Divorce : Suppression de la phase de conciliation en 2020

La loi de programmation 2018-2022 et de réforme pour la justice (Loi 2019-222 du 23-3-2019 : JO 24 texte n° 2) modifie en profondeur la procédure de divorce. Les principales mesures entreront en vigueur le 1er septembre 2020 au plus tard. Actuellement, la procédure des divorces autres que par consentement mutuel connaît deux phases : la tentative de conciliation qui débute avec la requête en divorce puis l’instance proprement dite qui commence avec l’assignation en divorce. Avec la loi Réforme pour la justice, la phase de conciliation est supprimée. Ne subsistera donc plus qu’une phase unique qui débutera par l’introduction d’une demande en divorce. La date des effets du divorce ne sera donc plus la date de l’ordonnance de non-conciliation mais la date de la demande de divorce.

Pour que l’amorce d’une procédure en divorce n’empêche pas le dialogue entre les époux, le type de divorce envisagé ne doit pas, aujourd’hui, être indiqué dans la requête initiale ; il n’est décidé que dans l’assignation.

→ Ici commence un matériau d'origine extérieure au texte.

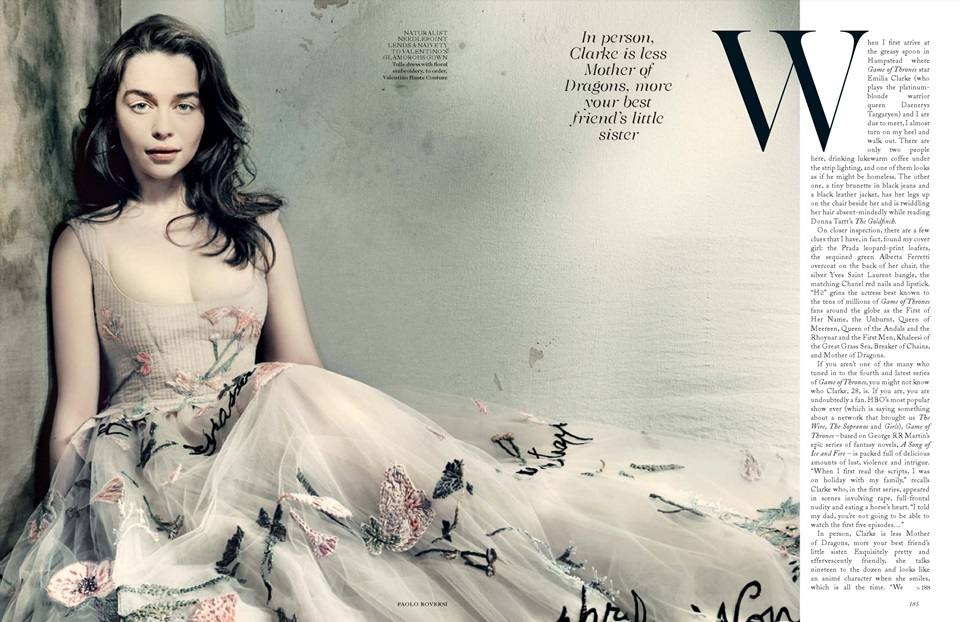 Emilia Clarke @ Vogue UK May 2015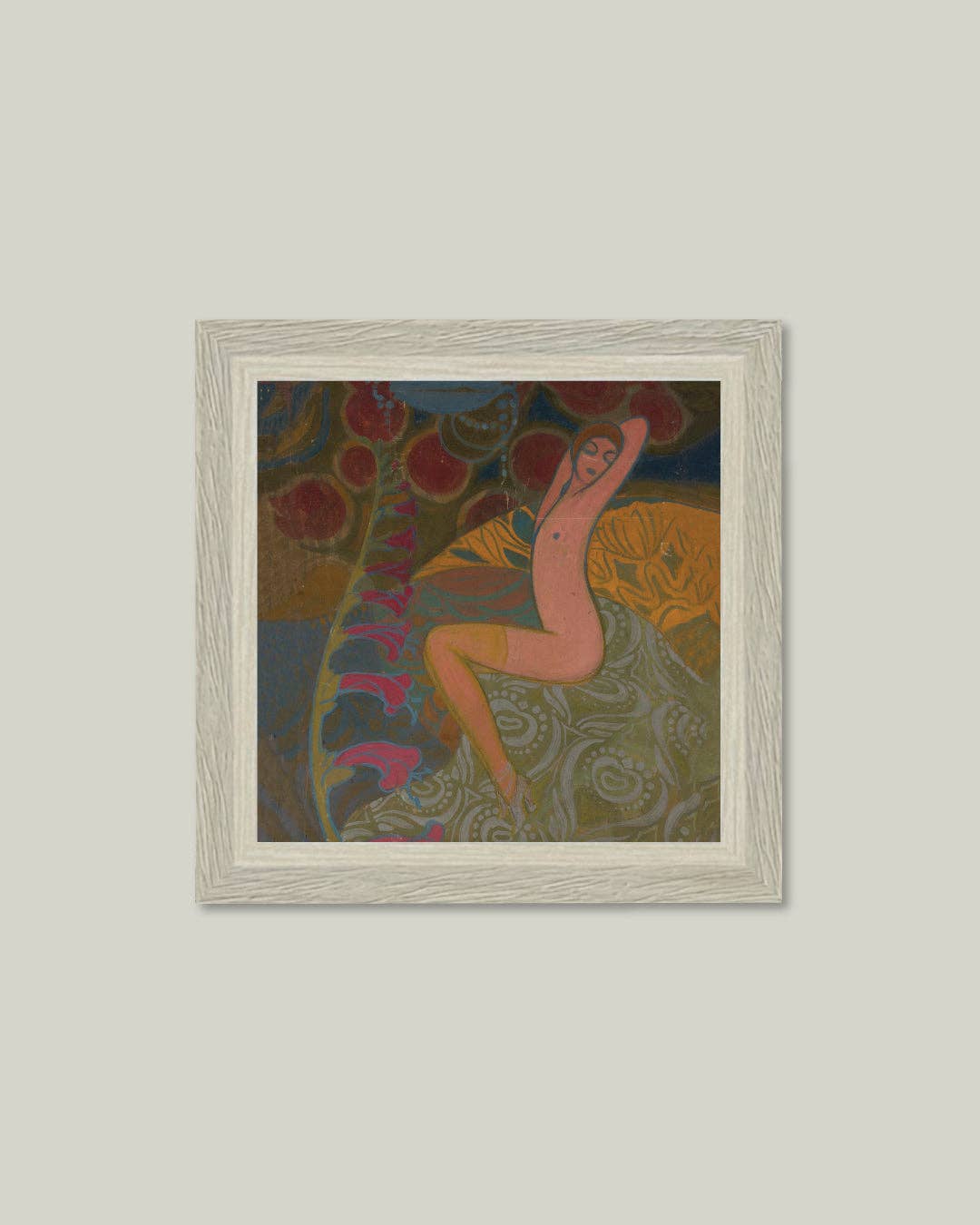 Woman & Flowers: 8x8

Cette logique est reconduite et adaptée dans le cadre de la nouvelle procédure. Ainsi, il est prévu que « l’époux qui introduit l’instance en divorce peut indiquer les motifs de sa demande si celle-ci est fondée sur l’acceptation du principe de la rupture du mariage ou l’altération définitive du lien conjugal. Hors ces deux cas, le fondement de la demande doit être exposé dans les premières conclusions au fond » Autrement dit, l’époux qui introduit l’instance pourra d’emblée dire qu’il demande un divorce accepté ou pour altération du lien conjugal, mais pas un divorce pour faute. Dans ce dernier cas, il ne devra l’exprimer que dans ses premières conclusions au fond.

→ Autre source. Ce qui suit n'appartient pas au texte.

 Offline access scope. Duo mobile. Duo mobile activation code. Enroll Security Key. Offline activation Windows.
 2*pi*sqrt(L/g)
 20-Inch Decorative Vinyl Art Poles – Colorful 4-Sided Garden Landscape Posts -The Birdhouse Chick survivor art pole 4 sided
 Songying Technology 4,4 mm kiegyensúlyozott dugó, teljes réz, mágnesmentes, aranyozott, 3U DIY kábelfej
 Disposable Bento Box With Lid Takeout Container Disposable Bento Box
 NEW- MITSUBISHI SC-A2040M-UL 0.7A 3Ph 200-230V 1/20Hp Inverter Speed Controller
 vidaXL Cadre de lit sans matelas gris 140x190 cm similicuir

La demande introductive d’instance devra comporter, comme c’est le cas actuellement, une proposition de règlement des intérêts pécuniaires et patrimoniaux des époux, sous peine d’irrecevabilité Les mesures provisoires, qui jusqu’à présent étaient prononcées par le juge au stade de l’ordonnance de non-conciliation pourront l’être, dans le cadre de l’instance, dès le début de la procédure. Une audience dédiée se tiendra systématiquement, sauf si les parties ou la partie seule constituée y renonce. Dans ce cadre, le juge décide des mesures nécessaires pour « assurer l’existence des époux et des enfants de l’introduction de la demande en divorce à la date à laquelle le jugement passe en force de chose jugée, en considération des accords éventuels des époux »

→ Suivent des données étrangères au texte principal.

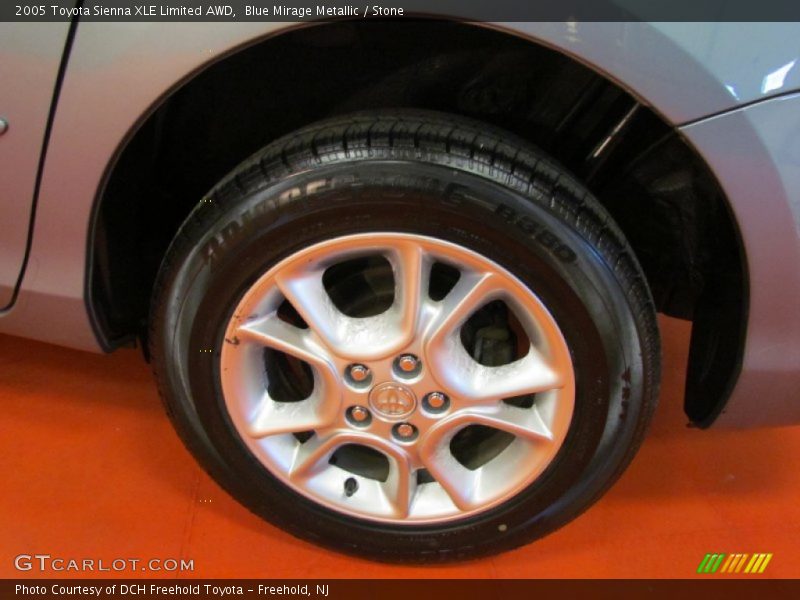 Blue Mirage Metallic / Stone 2005 Toyota Sienna XLE Limited AWD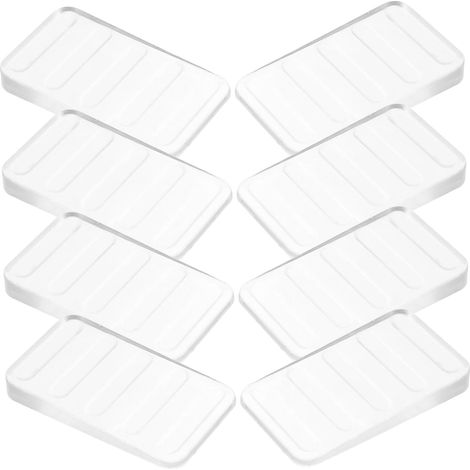 Lot de 8 cales de nivellement transparentes en plastique, réglables (1/4)
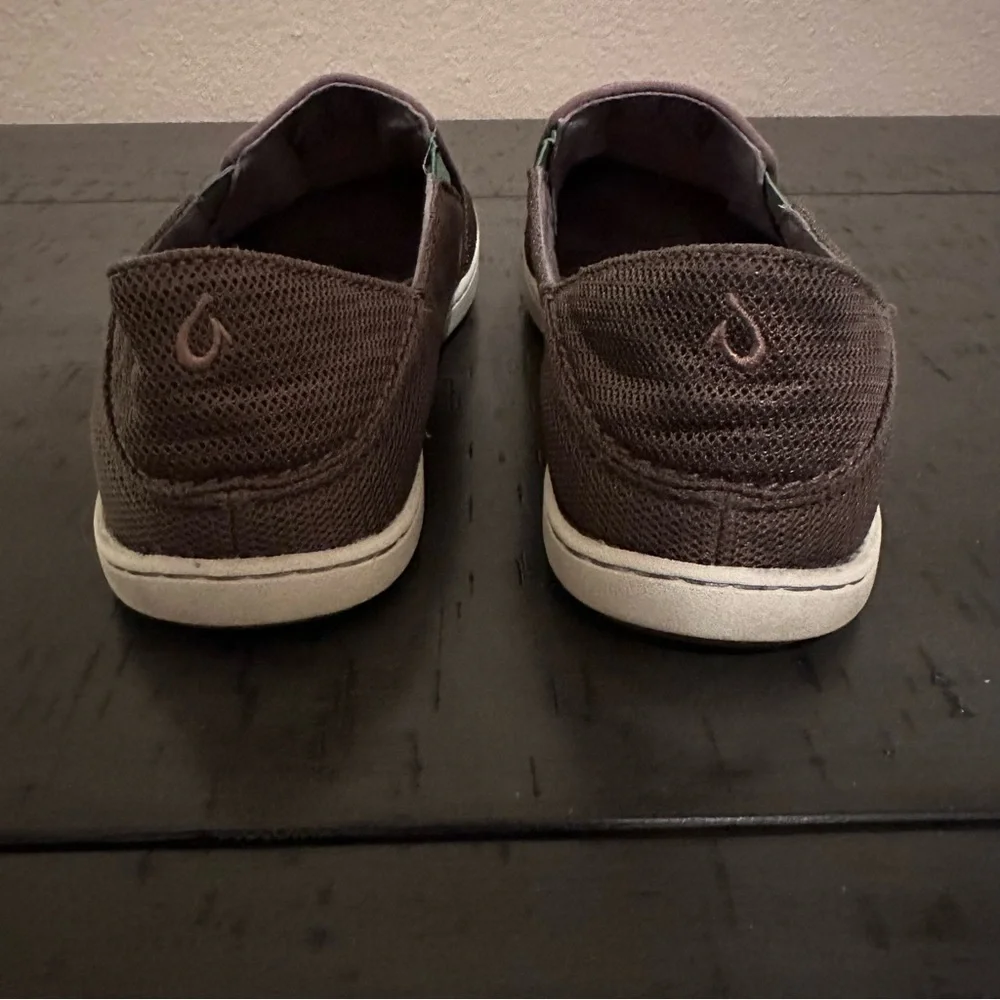 Olukai Men’s Nohea Mesh Brown Slip On Shoes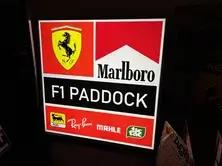 Illuminated Ferrari F1 Paddock Event Sign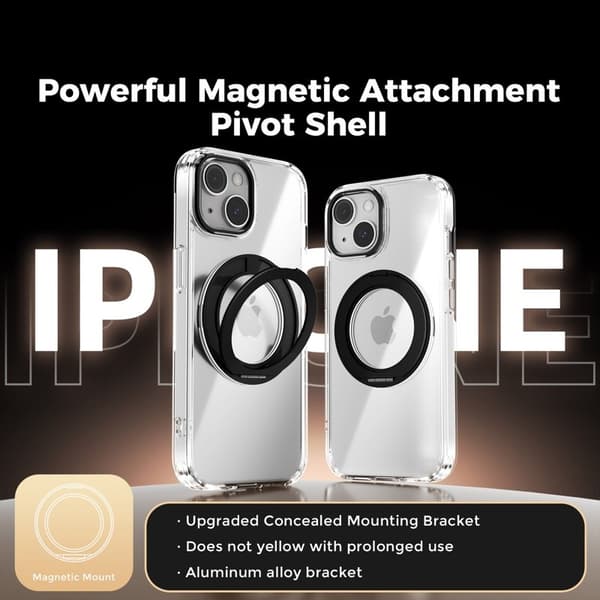 ABEEL Q-LUCK Mobilskal till iPhone 13 Shockproof Med Kickstand Svart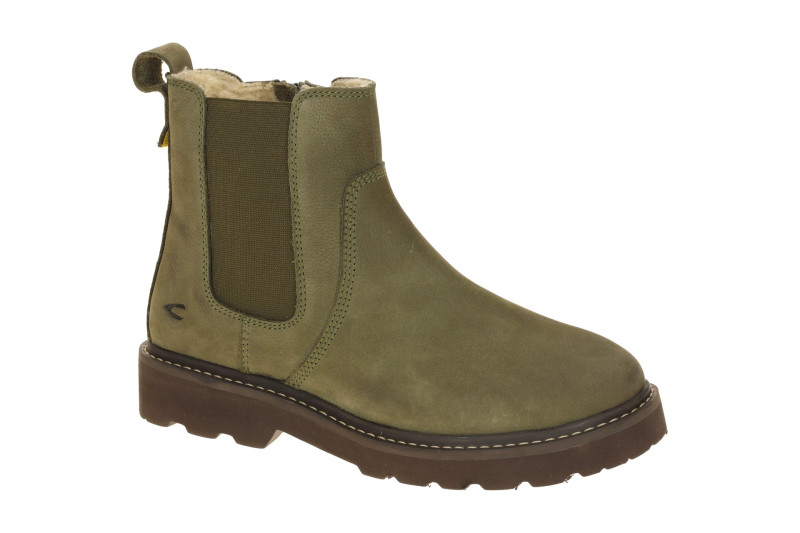camel active Rainforest Winter Stiefelette grün olive Damen 59RFS03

La requête initiale étant supprimée, la possibilité de demander des mesures urgentes (résidence séparée et mesures conservatoires) à ce stade l’est aussi. Néanmoins, de telles mesures pourront toujours être prises mais dans d’autres cadres procéduraux. Par exemple, l’autorisation de résider séparément peut être obtenue en cas de violences conjugales, via une ordonnance de protection..

Signalons enfin que ne sont pas modifiées :

–les dispositions relatives aux preuves (C. civ. art. 259 à art. 259-3)

–la possibilité pour le juge, lorsqu’il rejette définitivement la demande en divorce, de statuer sur la contribution aux mariages, la résidence de la famille et les modalités de l’exercice parentale.